Much of the hearing focused on edits to federal reports by Philip Cooney, an oil industry lobbyist who served as chief of staff for the White House Council on Environmental Quality, CEQ, from 2001-2005.
Documents released by the committee show Cooney and other administration officials made at least 181 edits to the administration's strategic plan for the climate change science program to exaggerate or emphasize scientific uncertainties, as well as 113 edits to downplay the importance of humanity's role in global warming.
In addition, White House documents show similar editing by Cooney and other administration officials to a U.S. Environmental Protection Agency report on the health of the environment and an annual state of the planet report submitted to Congress.
Cooney, who resigned in June 2005 following reports of his controversial editing by the "New York Times," defended his actions before the committee.
"I had the authority and responsibility to make recommendations to the documents in question, under an established interagency review process," said Cooney, a lawyer who now works for ExxonMobil.
Cooney said he relied largely on the findings of the 2001 report on climate science by National Academy of Sciences to "align these communications" with administration policy.
"I offered my comments in good faith reliance on what I understood to be the most authoritative and current states of scientific knowledge," Cooney told the panel.
Cooney's actions were intended to "sow confusion regarding the link between climate change and human activity," said Representative Peter Welch, a Vermont Democrat.
Representative John Yarmuth, a Kentucky Democrat, called Cooney "a spin doctor" and raised concerns about his close ties to the oil industry.

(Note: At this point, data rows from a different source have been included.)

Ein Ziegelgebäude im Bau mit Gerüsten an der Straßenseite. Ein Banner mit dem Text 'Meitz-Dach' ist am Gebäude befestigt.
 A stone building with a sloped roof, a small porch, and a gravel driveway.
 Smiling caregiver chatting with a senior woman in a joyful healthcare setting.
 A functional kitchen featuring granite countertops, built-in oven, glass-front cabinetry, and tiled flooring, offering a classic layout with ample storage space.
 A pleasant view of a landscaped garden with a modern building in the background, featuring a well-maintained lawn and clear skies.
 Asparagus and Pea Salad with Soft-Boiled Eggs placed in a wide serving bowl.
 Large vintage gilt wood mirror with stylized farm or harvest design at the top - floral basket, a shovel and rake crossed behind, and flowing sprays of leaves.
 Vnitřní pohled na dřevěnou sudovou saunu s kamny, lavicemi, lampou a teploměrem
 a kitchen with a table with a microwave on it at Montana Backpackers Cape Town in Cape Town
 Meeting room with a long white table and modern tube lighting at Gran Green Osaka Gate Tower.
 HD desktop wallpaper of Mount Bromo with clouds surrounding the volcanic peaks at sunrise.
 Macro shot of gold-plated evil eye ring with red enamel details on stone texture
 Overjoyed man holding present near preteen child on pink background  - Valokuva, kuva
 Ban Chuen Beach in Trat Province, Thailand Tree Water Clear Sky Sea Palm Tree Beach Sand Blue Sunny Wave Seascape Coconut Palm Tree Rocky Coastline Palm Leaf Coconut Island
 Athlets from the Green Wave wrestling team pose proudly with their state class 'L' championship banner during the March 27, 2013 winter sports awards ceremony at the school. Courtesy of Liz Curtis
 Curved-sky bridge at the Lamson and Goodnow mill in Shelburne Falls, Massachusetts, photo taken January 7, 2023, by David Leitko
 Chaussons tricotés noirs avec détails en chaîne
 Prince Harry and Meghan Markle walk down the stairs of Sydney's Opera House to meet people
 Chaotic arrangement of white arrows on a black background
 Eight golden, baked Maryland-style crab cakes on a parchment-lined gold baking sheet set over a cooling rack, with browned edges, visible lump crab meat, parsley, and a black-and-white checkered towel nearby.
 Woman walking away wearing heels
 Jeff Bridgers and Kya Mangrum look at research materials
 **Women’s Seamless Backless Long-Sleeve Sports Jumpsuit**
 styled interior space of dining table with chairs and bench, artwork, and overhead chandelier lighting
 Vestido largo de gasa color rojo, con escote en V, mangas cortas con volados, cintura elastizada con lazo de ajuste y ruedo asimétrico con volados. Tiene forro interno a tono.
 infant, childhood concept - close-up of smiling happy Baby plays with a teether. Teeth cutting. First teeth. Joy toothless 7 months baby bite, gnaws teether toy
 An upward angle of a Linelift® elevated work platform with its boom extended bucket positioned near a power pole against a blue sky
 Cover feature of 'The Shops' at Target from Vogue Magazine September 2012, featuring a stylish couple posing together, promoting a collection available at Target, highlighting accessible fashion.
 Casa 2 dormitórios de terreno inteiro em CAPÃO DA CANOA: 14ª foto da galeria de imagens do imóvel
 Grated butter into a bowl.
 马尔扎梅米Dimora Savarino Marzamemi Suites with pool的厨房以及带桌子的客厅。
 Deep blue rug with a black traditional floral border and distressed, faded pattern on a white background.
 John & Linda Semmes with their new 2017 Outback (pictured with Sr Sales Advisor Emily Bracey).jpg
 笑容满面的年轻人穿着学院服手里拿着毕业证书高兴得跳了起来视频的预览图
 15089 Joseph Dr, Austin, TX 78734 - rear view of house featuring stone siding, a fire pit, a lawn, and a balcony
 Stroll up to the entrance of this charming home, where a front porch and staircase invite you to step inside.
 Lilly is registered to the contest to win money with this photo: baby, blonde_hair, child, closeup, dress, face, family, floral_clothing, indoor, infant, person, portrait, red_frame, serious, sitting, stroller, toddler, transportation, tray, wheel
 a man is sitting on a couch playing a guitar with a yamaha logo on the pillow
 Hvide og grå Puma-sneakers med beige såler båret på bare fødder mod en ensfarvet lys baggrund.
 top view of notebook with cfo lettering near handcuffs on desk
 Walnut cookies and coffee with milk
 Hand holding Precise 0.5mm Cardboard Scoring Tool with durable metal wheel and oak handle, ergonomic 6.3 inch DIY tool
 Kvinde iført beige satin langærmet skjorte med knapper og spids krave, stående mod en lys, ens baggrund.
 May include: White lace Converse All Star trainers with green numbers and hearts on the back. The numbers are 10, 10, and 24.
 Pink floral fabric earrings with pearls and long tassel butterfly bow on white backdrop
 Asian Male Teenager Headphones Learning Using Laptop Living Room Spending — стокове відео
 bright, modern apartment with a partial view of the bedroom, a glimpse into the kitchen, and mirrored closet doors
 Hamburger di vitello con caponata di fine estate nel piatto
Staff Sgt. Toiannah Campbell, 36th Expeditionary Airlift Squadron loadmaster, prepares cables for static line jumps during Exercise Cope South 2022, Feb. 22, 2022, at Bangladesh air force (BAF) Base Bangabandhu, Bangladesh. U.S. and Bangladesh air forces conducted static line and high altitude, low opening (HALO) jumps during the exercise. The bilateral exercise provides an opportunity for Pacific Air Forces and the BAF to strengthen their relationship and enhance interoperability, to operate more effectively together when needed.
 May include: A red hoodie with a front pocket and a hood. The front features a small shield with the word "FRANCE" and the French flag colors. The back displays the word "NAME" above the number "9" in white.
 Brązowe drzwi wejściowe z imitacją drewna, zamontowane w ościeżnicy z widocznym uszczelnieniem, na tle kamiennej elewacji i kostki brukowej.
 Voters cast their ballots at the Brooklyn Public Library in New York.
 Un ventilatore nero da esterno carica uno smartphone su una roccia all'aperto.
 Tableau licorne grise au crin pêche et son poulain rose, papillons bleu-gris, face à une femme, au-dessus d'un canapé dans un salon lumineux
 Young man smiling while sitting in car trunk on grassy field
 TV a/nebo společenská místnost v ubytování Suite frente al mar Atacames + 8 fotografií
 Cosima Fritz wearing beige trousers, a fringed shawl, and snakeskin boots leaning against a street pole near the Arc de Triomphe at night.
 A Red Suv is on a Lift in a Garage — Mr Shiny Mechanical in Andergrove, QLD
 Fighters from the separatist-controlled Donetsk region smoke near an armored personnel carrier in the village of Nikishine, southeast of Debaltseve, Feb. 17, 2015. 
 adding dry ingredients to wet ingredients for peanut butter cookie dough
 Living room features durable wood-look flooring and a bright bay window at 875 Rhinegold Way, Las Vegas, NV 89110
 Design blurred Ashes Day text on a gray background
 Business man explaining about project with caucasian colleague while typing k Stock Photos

Cooney joined the CEQ after for more than a decade as a lobbyist for the American Petroleum Institute, API, an organization that has cast doubt on the human role in climate change.
The role Cooney played at API and at the White House "seem virtually identical," Waxman said. "In both places, you seem to seed doubt on global warming," he told Cooney.
Democrats also questioned a memo between Cooney and an aide in Vice President Dick Cheney's office that suggests an administration strategy to promote a study partially funded by API that questioned the link between global warming and greenhouse gas emissions from human activities.
The study, published in the journal "Climate Research" in 2001, was widely refuted by climate scientists and half the editorial board of the journal resigned in protest over its publication.
The communication between the CEQ and Cheney's office indicates an attempt to incorporate the study into federal reports, said Waxman.
"This sounds like a play right out of the petroleum institute's playbook," he said.
CEQ Chairman James Connaughton rejected Waxman's characterization of the administration's actions and called the investigation of Cooney's edits "misguided."
For the documents in question "there was actually massive agreement on more than 99 percent" of the text, Connaughton told the committee. "[This] is much ado about a very small amount of qualification."
Republicans on the panel spent most of their time grilling Dr. James Hansen, a prominent climate scientist who has criticized the Bush administration for interfering with climate scientists.
Hansen, director of NASA's Goddard Institute for Space Studies, says political appointees tried to stop him from speaking to the media after he delivered a lecture in late 2005 that urged rapid reductions in greenhouse gas emissions to slow global warming.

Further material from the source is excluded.